Le nouveau contrat pour le secteur de la santé arrive, avec des augmentations et la possibilité d'expérimenter la semaine de travail de 4 jours. L'accord signé aujourd'hui par l'Aran (Agence pour la représentation négociée des administrations publiques) et les syndicats, relatif à la période triennale 2022-2024, implique plus de 581 mille travailleurs du Service National de Santé entre infirmières, techniciens, administrateurs et personnel de santé non médical.
Le contrat avec Aran a été signé par Fials, Cisl, Nursind et Nursing Up. Les syndicats CGIL et UIL n'ont pas signé l'accord, comme cela s'est déjà produit pour le pré-accord signé en juin. Des augmentations moyennes sont attendues entre 150 et 172 euros par mois, soit 6,8% de plus que les salaires actuels.
La Ccnl « se caractérise par des innovations nombreuses et pertinentes concernant des aspects saillants du traitement normal-économique du personnel visant à améliorer les conditions de travail et à valoriser les compétences professionnelles en continuité avec le contrat précédent – lit-on dans un résumé publié sur le site Internet d'Aran – Il était en effet prévu, entre autres, l'élargissement du bassin d'employés possibles pouvant participer à l'accès au domaine hautement qualifié: en plus du master accompagné d'un poste d'au moins 3 ans, la possibilité d'accès à du personnel titulaire d'un diplôme de trois ans accompagné d'une période d'emploi d'au moins 7 ans ou de la possession de qualifications équivalentes conformément à l'article 4 de la loi 26.2.1999, numéro 42, ainsi qu'une période d'au moins 7 ans d'emploi a été introduite ».
La nouvelle
Certains aspects des institutions contractuelles ont également été introduits ou révisés, notamment : «La possibilité, à titre expérimental et toujours en garantissant la qualité et le niveau des services rendus aux usagers, de pouvoir répartir le temps de travail de 36 heures par semaine sur 4 jourssous réserve de la participation volontaire des travailleurs; la reconnaissance du titre restaurant en travail flexible ainsi que la priorité d'accès à cette institution contractuelle pour les personnes en situation de handicap ou pour l'assistance aux membres de la famille handicapés ; la mise à jour de certains aspects des missions déjà prévues par le contrat précédent, prévoyant, entre autres, la possibilité de pouvoir cumuler des heures supplémentaires en présence d'une mission jusqu'à une valeur de 5.000 euros », poursuit Aran.

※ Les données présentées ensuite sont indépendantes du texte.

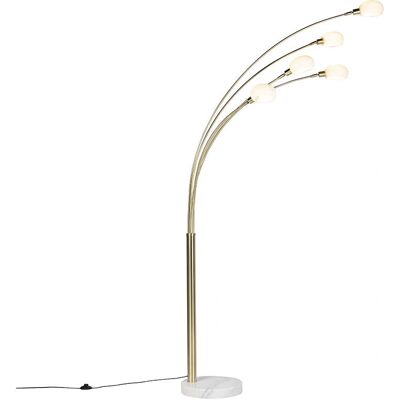 QAZQA Marmo Art Deco Floor Lamp - 5 Lights - Vintage Gold Brass QAZQA Marmo Art Deco Floor Lamp - 5 Lights - Vintage Gold Brass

Encore une fois, « c'était introduit le nouveau profil d'assistante infirmièredéjà instauré avec un accord spécifique État-Régions, une figure intermédiaire entre les profils de l'espace Professionnels et Agents de Santé et de l'espace Opérateurs ; certaines protections relatives aux permis, absences et congés ont été étendues ainsi que la formation du personnel. Les institutions de services complémentaires et d'activités de collaboration pour la réalisation de la profession intra-muros indépendante de gestionnaire de santé ont également été réglementées. Une attention particulière a ensuite été portée à l'augmentation de l'âge moyen du personnel en prévoyant des politiques et des outils de « gestion des âges » visant à encourager et à améliorer les conditions de travail du personnel public qui a aujourd'hui une moyenne d'âge élevéela possibilité d'utiliser les congés même à l'heure, les éventuels besoins temporaires du personnel qui peuvent être satisfaits par l'octroi de périodes limitées à temps partiel en dérogation au classement annuel ».
Aran poursuit : « Compte tenu de la particularité du secteur de la santé, il était protection spécifique mise en place pour le personnel soumis à des agressions par des tiers, prévoyant la aide juridique de l'entreprise et la possibilité, si le salarié le demande, d'un soutien psychologique. À la fin, les indemnités spécifiques de soins et de protection des patients ainsi que l'indemnité de premiers secours ont été actualisées, en prévoyant un mécanisme de répartition des ressources entre les Régions, conformément à ce qui a déjà été introduit avec le contrat de territoire, en traçant un chemin qui permette la pleine utilisation des ressources économiques garanties par la loi ».